“ Le sophiste, après avoir entendu ces paroles, poussa un immense éclat de rire et dit : Périssent les ignorants trompeurs dont les preuves sont vaines et factices ! Mais toi, grand roi, tu es savant, tu saisis l’essence des choses ; ce langage n’est pas digne de toi. Écoute les discours des sages qui aspirent au but suprême. Les hommes ignorants qui font des actes en vue du Svarga sont dans un grand égarement d’esprit. Voir un acte disparaître sous ses yeux, et oser prétendre que cet acte qui a cessé d’exister est, grâce à la transmigration, le générateur d’un fruit tel que le Svarga ! ”
Léon Feer
Élements biographiques
Léon Feer (1830-1902), linguiste et orientaliste français, marqua l’histoire des études orientales par ses recherches sur le sanscrit, le tibétain et le bouddhisme. Spécialiste des textes anciens, il traduisit des œuvres fondamentales comme le Kanjur tibétain, tout en explorant les civilisations mongoles et indiennes.
Ses écrits, tels que Contes indiens ou Le Tibet, mêlent analyse philologique et réflexion sur les cultures asiatiques, tandis que République et royauté révèle une dimension politique engageante. Son œuvre, riche et transversale, incarne l’intersection entre science des langues et curiosité intellectuelle.
Citations de Léon Feer
Léon Feer, République et royauté, de la nécessité d'établir le gouvernement de la France sur la base… (1871)
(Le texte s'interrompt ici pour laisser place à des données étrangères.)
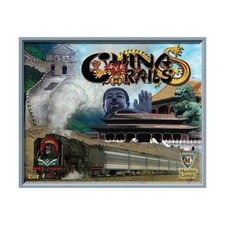 Mayfair Boardgame China Rails Box VG+/NM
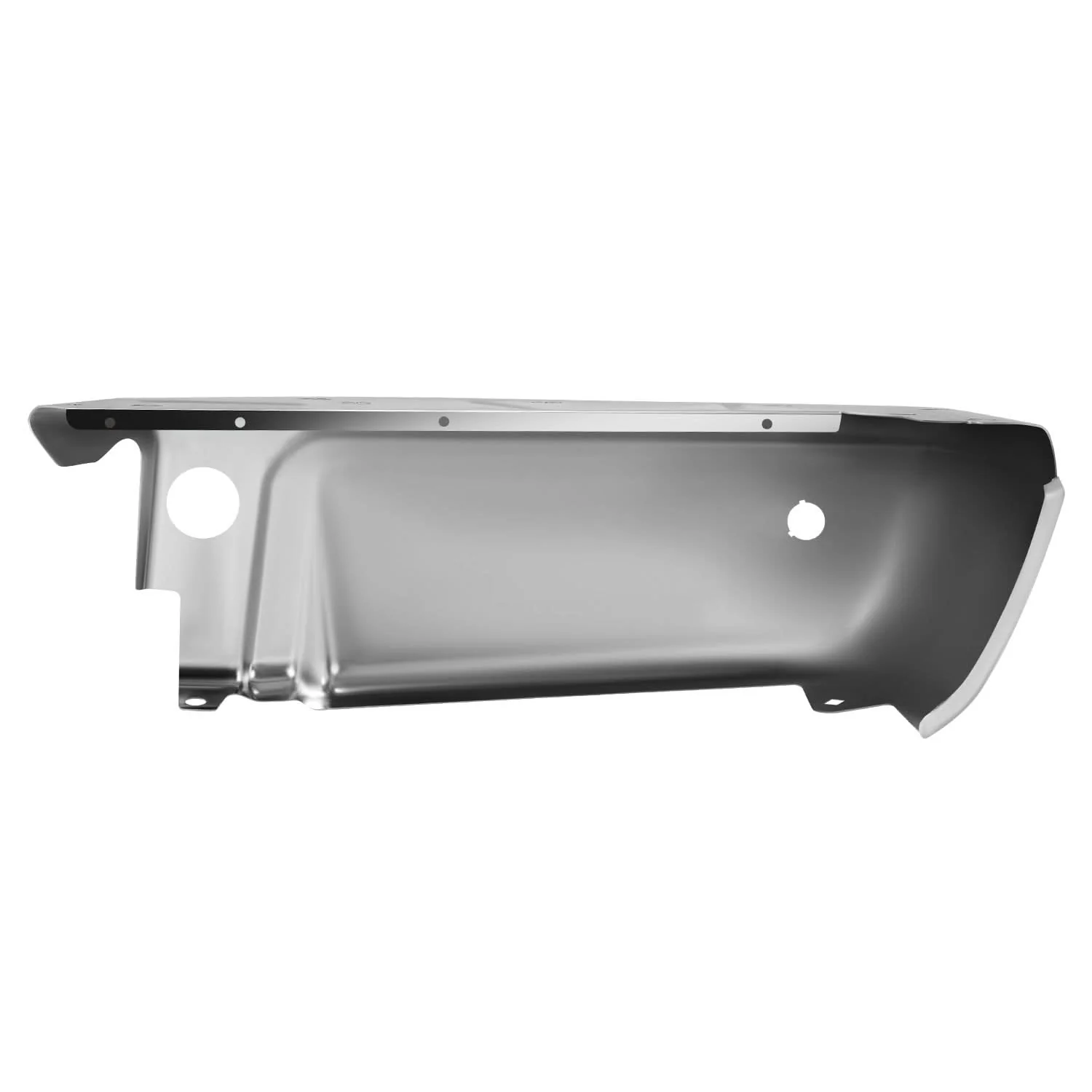 2008-2016 Ford F-250/F-350/F-450 Super Duty Rear Bumper End Chrome Left - Image 4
“ Il n'est que temps d'unir tous nos efforts dans une pensée patriotique et nationale. La République, la forme de gouvernement « qui nous divise le moins, » selon une parole heureuse inspirée par le bon sens et le patriotisme, s'offre à nous comme la plus nationale, comme la plus propre à réaliser le bien, comme celle qui embrasse le concours de toutes les facultés et de tous les dévouements; car le devoir, comme l'intérêt évident de chacun de nous, est de contribuer par tous ses efforts à la prospérité de la République française, c'est-à-dire de la chose publique des Français. ”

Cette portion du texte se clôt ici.